The value of the MSB (most significant bit) lost when left-shifting or the LSB (least significant bit) when right-shifting is often needed, so it’s saved in the condition code register. Let’s make believe that our CPU saves it in the O bit.
You might have noticed that everything in the ALU looks like it can be implemented in combinatorial logic except these shift instructions. You can build shift registers out of flip-flops where the contents are shifted one bit position per clock.
A sequential shift register (shown in Figure 4-10) is slow because it takes one clock per bit in the worst case.
Figure 4-10: A sequential shift register
We can solve this by constructing a barrel shifter entirely out of combinatorial logic using one of our logic building blocks, the selector (refer back to Figure 2-47). To build an 8-bit shifter, we would need eight of the 8:1 selectors.
There is one selector for each bit, as shown in Figure 4-11.
Figure 4-11: A combinatorial barrel shifter
The amount of right shift is provided on S0-2. You can see that with no shift (000 for S), input bit 0 (I0) gets passed to output bit 0 (O0), I1 to O1, and so on. When S is 001, the outputs are shifted right by one because that’s the way the inputs are wired up to the selector. When S is 010, the outputs are shifted right by two, and so on. In other words, we have all eight possibilities wired and just select the one we want.
You may wonder why I keep showing these logic diagrams as if they’re built out of old 7400 series parts. Functions such as gates, multiplexors, demultiplexors, adders, latches, and so on are available as predefined components in integrated circuit design systems. They’re used just like the old components, except instead of sticking lots of the 7400 series parts I mentioned in Chapter 2 onto a circuit board, we now assemble similar components into a single chip using design software.
You may have noticed the absence of multiplication and division operations in our simple ALU. That’s because they’re much more complicated and don’t really show us anything we haven’t already seen. You know that multiplication can be performed by repeated addition; that’s the sequential version. You can also build a combinatorial multiplier by cascading barrel shifters and adders, keeping in mind that a left shift multiplies a number by 2.

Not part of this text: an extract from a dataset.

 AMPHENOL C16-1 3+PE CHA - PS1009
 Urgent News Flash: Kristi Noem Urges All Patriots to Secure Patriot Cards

Shifters are a key element for the implementation of floating-point arithmetic; the exponents are used to shift the mantissas to line up the binary points so that they can be added together, subtracted, and so on.

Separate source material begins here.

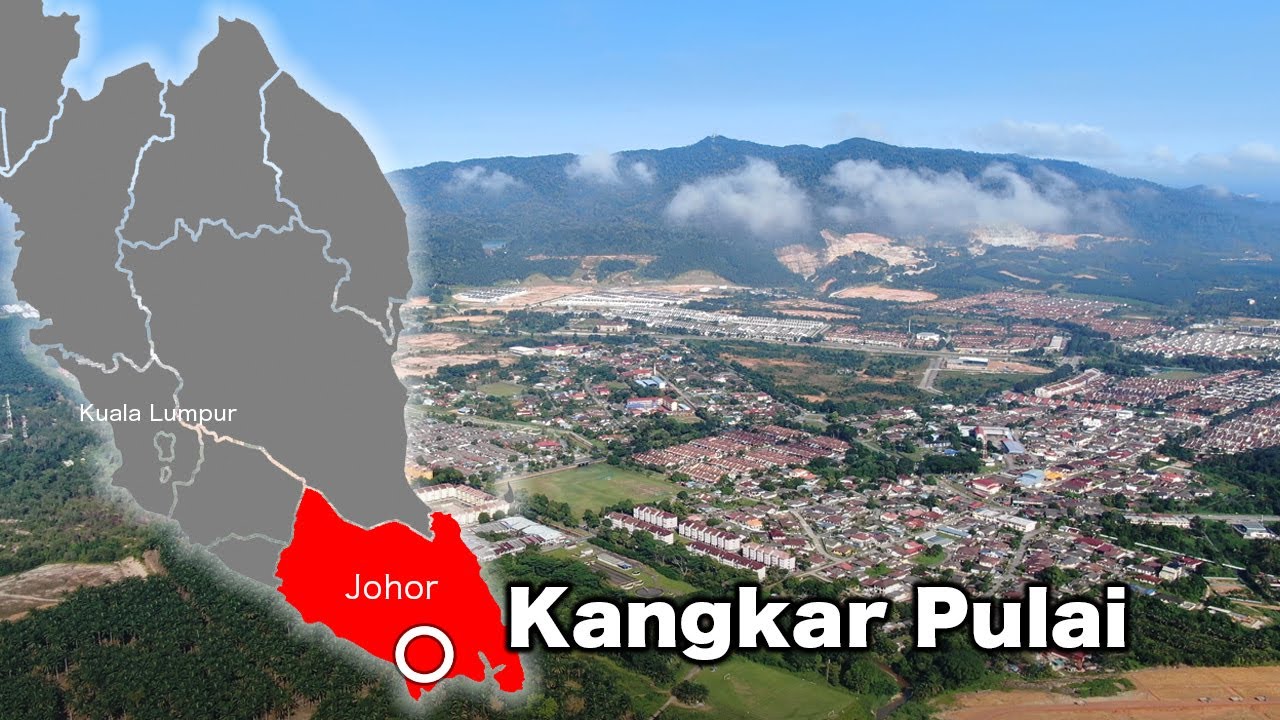 Kangkar Pulai, Johor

The execution unit of a computer, also known as the control unit, is the boss. The ALU isn’t much use by itself, after all—something has to tell it what to do. The execution unit grabs opcodes and operands from the right places in memory, tells the ALU what operations to perform, and puts the results back in memory. Hopefully, it does all that in an order that serves some useful purpose. (By the way, we’re using the “to perform” definition of execute. No bits are actually killed.)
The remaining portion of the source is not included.